■ WHAT THIS TASK INVOLVES
Omit the images. Restate all of the records word for word.

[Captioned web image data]
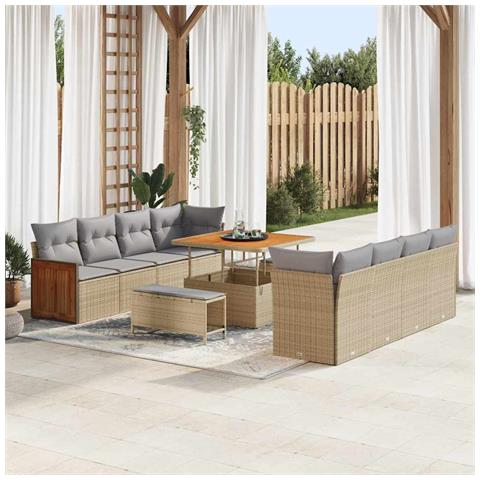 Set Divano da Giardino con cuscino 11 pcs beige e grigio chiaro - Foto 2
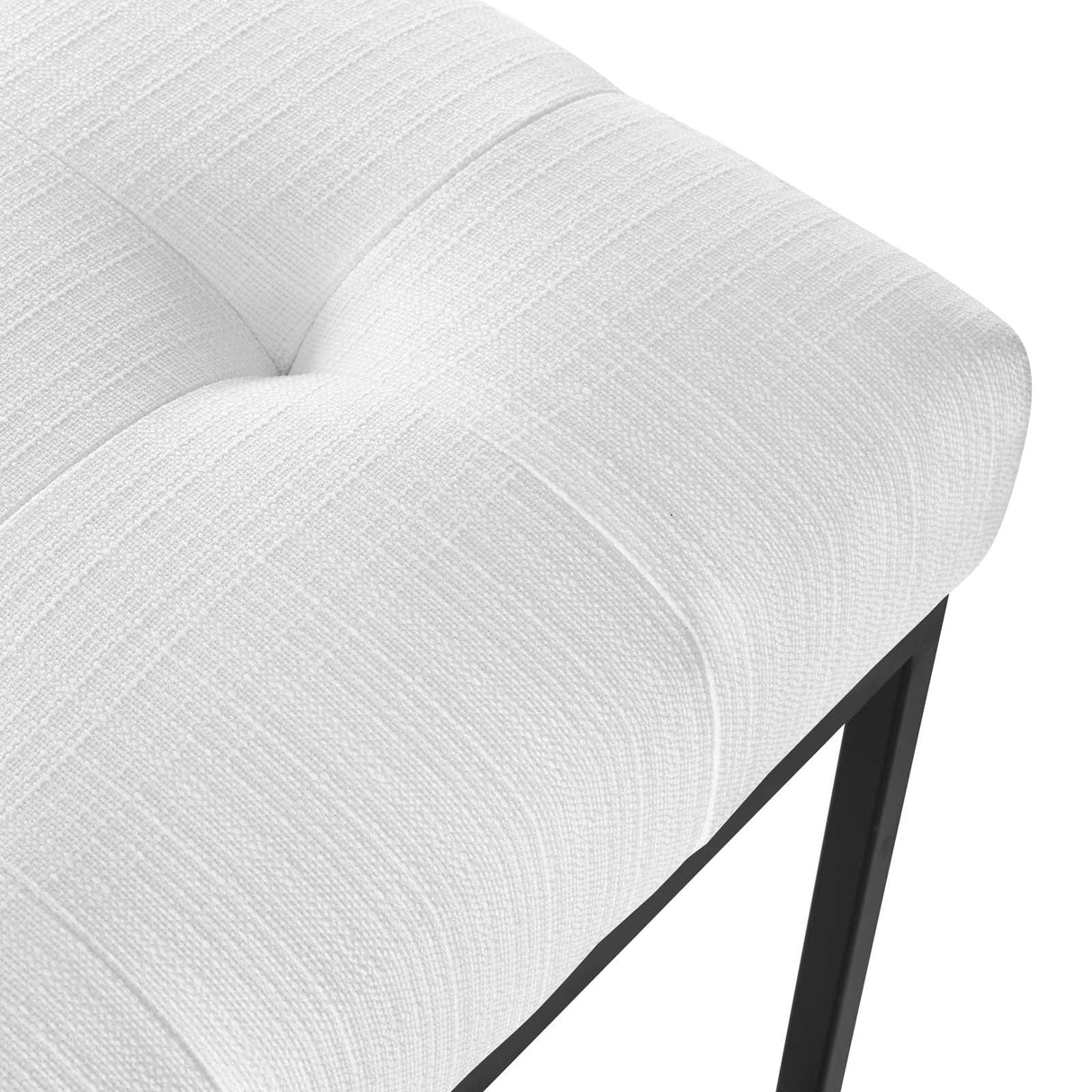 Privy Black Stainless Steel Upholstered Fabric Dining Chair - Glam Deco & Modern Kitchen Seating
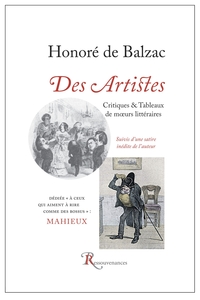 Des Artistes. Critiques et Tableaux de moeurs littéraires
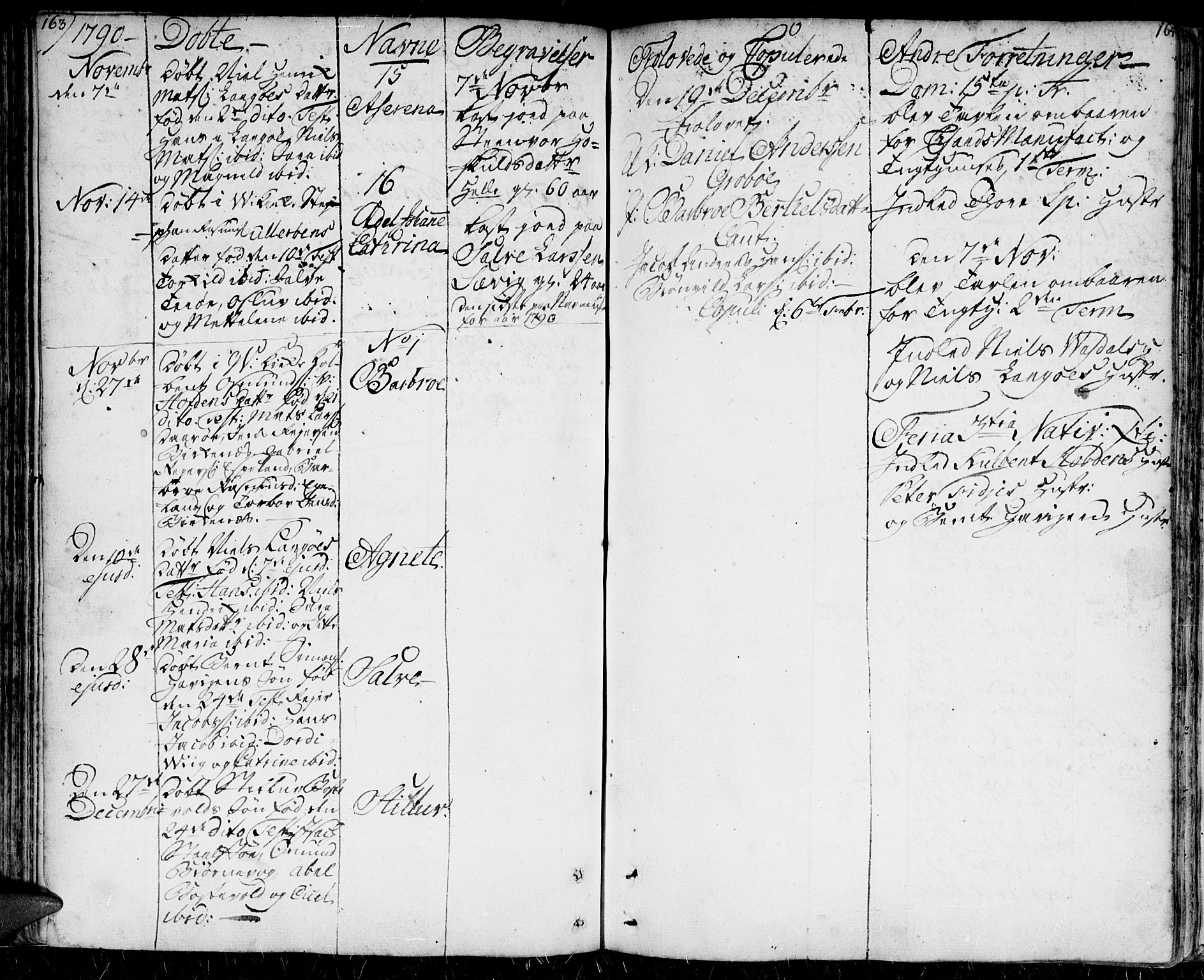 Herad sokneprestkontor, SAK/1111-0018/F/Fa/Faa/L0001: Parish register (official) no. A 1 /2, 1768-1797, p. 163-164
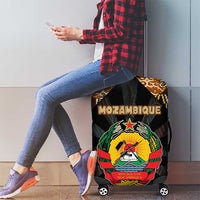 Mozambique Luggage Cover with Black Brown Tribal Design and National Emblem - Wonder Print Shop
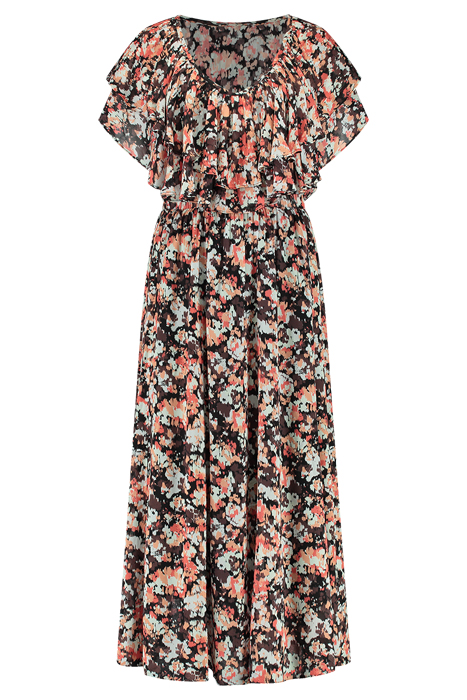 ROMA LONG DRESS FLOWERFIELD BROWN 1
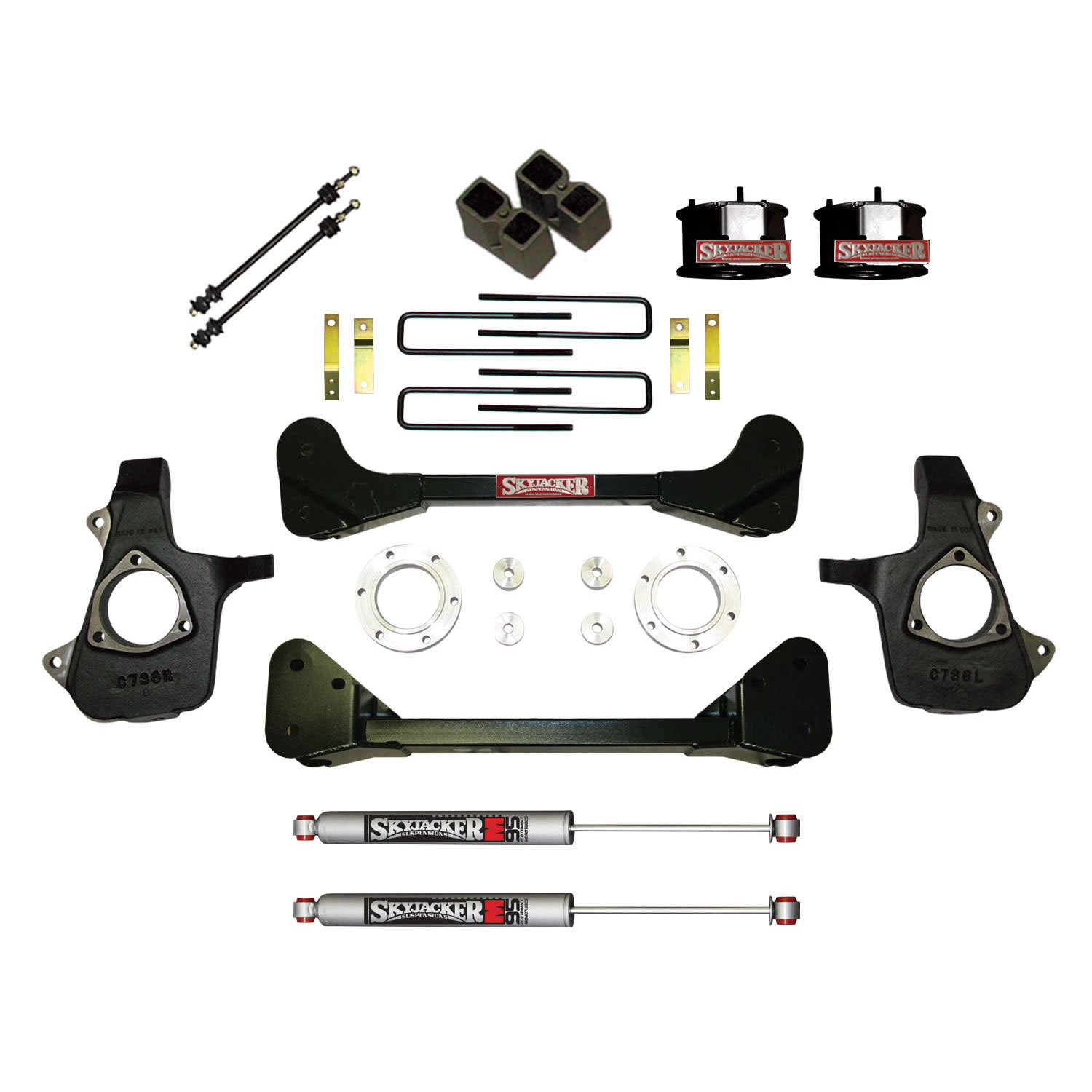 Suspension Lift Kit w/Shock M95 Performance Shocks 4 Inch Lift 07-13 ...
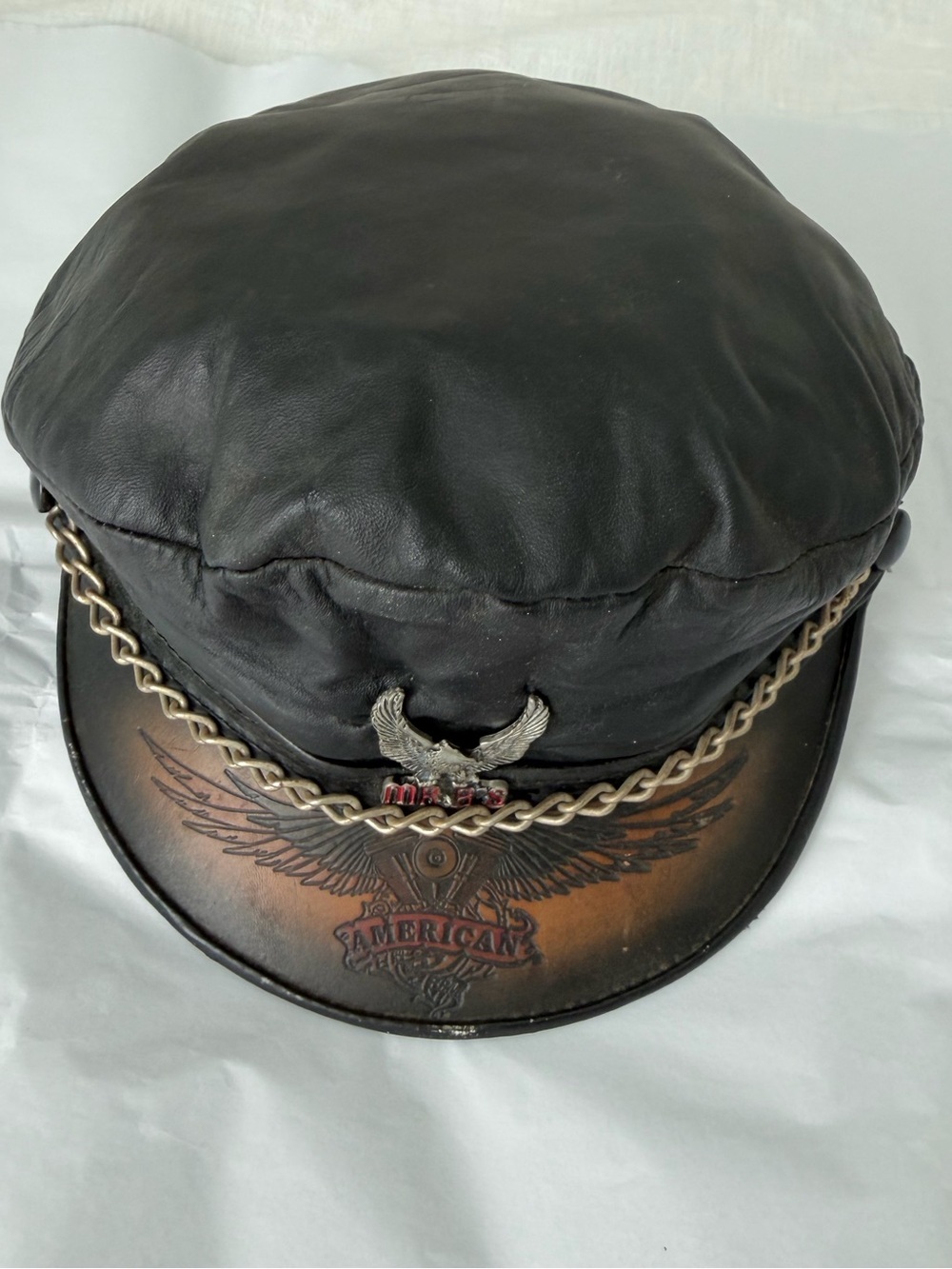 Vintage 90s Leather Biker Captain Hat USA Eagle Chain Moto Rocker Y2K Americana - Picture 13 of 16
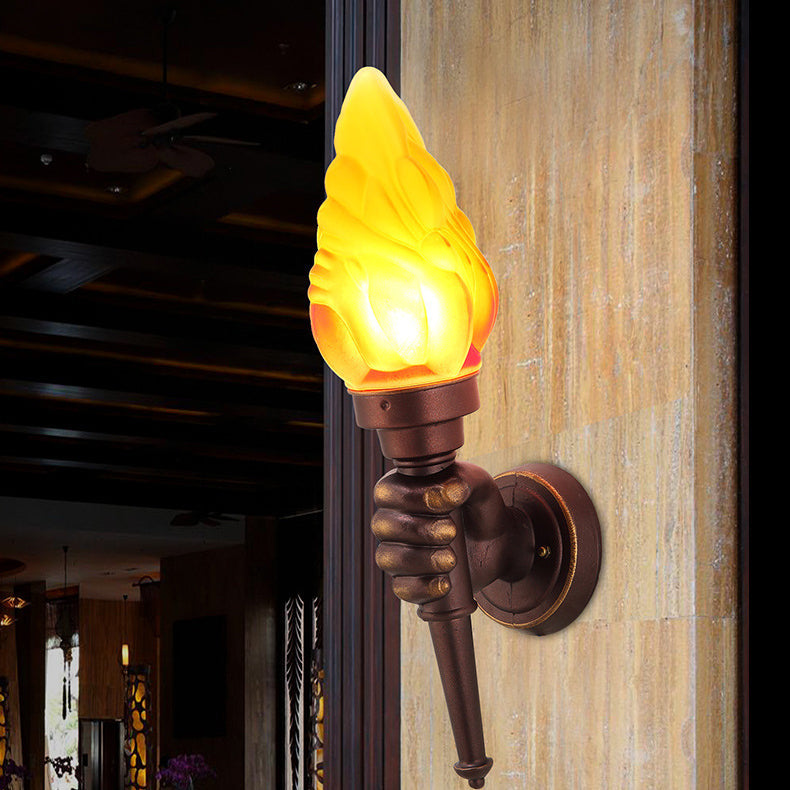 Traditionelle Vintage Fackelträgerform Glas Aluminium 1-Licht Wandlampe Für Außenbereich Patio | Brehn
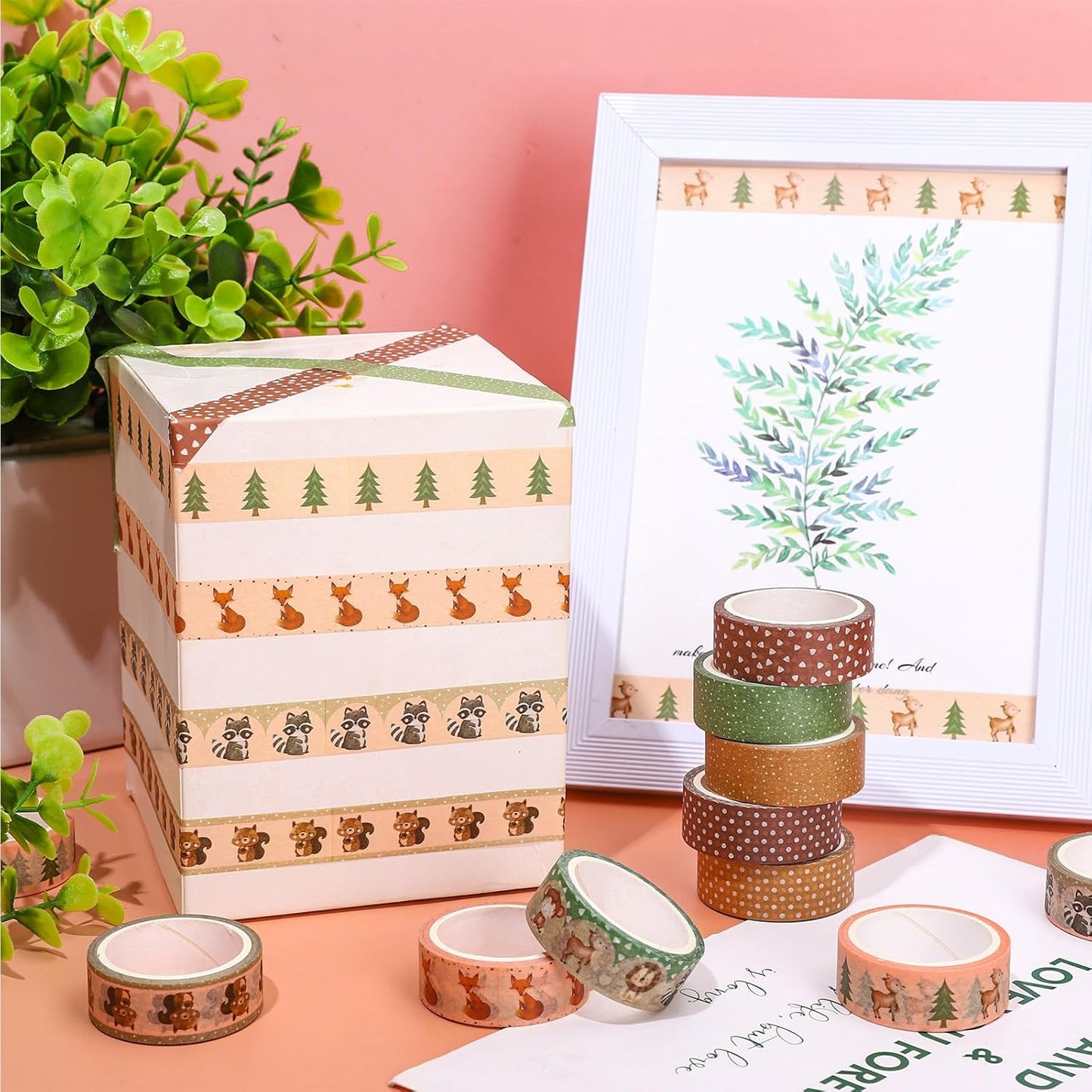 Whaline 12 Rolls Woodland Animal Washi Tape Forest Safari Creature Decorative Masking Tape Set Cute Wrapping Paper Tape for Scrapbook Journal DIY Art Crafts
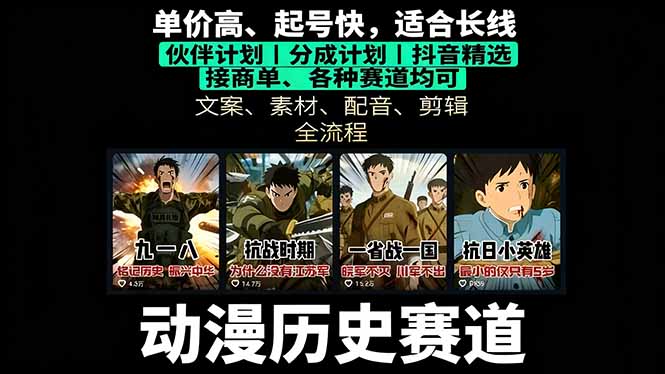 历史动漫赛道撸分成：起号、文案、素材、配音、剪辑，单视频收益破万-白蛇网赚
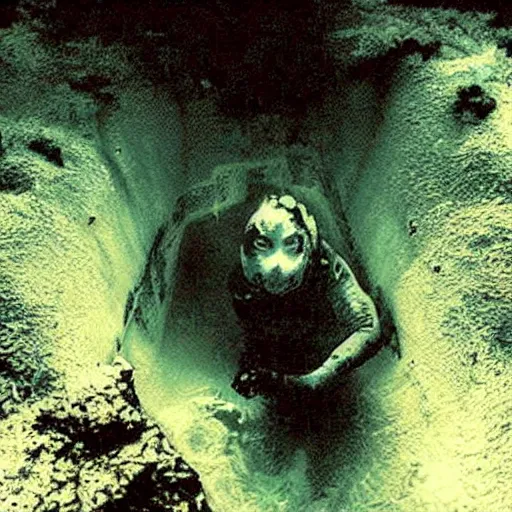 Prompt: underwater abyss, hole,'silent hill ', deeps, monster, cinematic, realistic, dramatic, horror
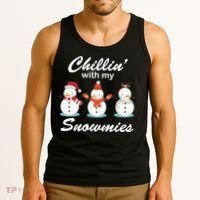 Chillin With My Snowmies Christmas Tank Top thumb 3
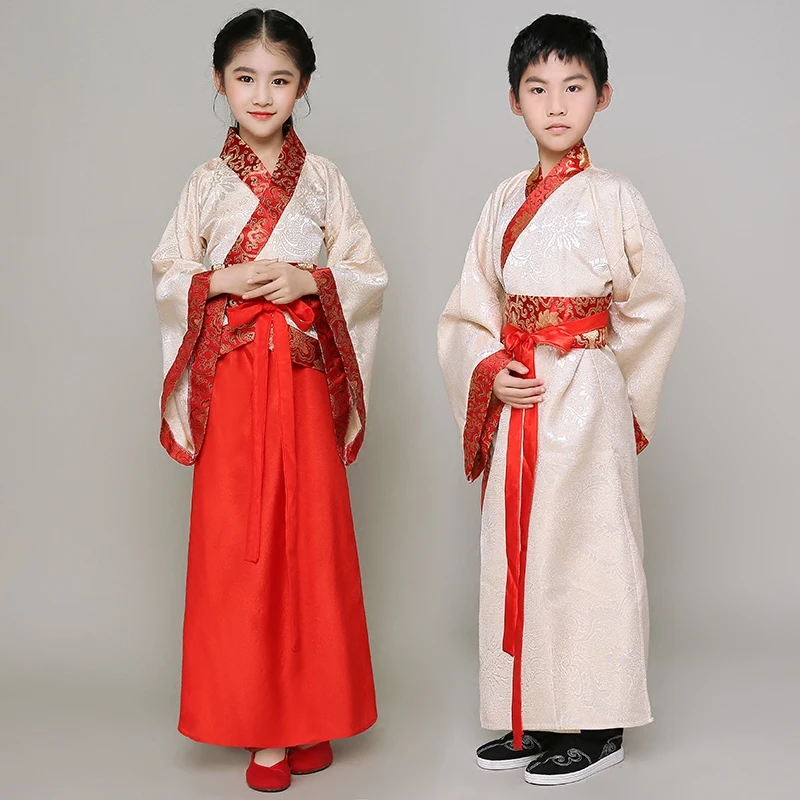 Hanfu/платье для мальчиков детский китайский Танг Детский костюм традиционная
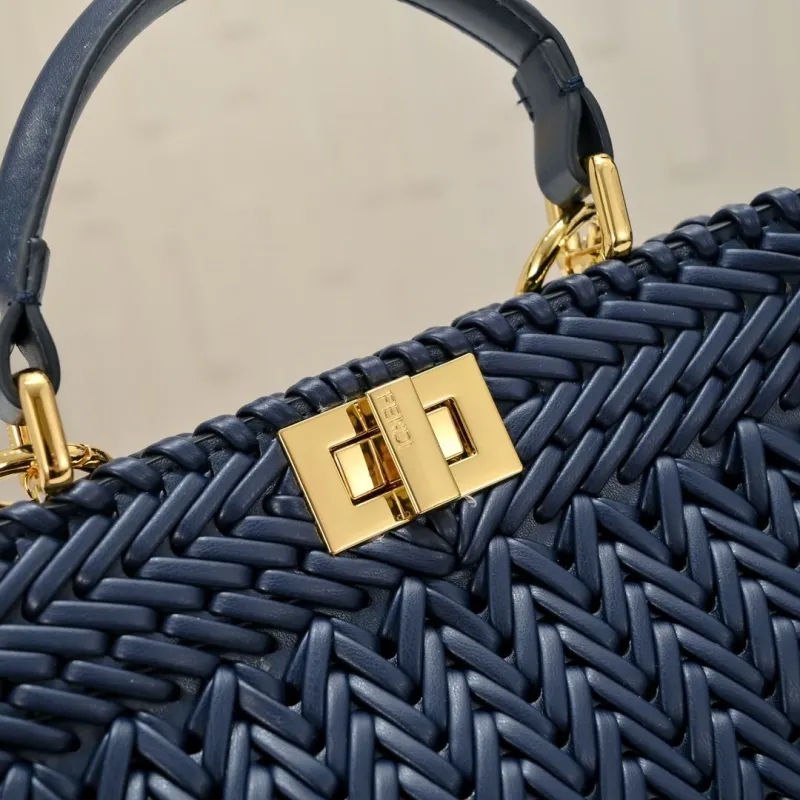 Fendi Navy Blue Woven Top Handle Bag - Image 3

■ SOLUTION FOR THIS TASK
 Set Divano da Giardino con cuscino 11 pcs beige e grigio chiaro - Foto 2
 Privy Black Stainless Steel Upholstered Fabric Dining Chair - Glam Deco & Modern Kitchen Seating
 Des Artistes. Critiques et Tableaux de moeurs littéraires
 Herad sokneprestkontor, SAK/1111-0018/F/Fa/Faa/L0001: Parish register (official) no. A 1 /2, 1768-1797, p. 163-164
 Mozambique Luggage Cover with Black Brown Tribal Design and National Emblem - Wonder Print Shop
 ROMA LONG DRESS FLOWERFIELD BROWN 1
 Suspension Lift Kit w/Shock M95 Performance Shocks 4 Inch Lift 07-13 ...
 Vintage 90s Leather Biker Captain Hat USA Eagle Chain Moto Rocker Y2K Americana - Picture 13 of 16
 Traditionelle Vintage Fackelträgerform Glas Aluminium 1-Licht Wandlampe Für Außenbereich Patio | Brehn
 Whaline 12 Rolls Woodland Animal Washi Tape Forest Safari Creature Decorative Masking Tape Set Cute Wrapping Paper Tape for Scrapbook Journal DIY Art Crafts
 历史动漫赛道撸分成：起号、文案、素材、配音、剪辑，单视频收益破万-白蛇网赚
 Prompt: underwater abyss, hole,'silent hill ', deeps, monster, cinematic, realistic, dramatic, horror
 Chillin With My Snowmies Christmas Tank Top thumb 3
 Hanfu/платье для мальчиков детский китайский Танг Детский костюм традиционная
 Fendi Navy Blue Woven Top Handle Bag - Image 3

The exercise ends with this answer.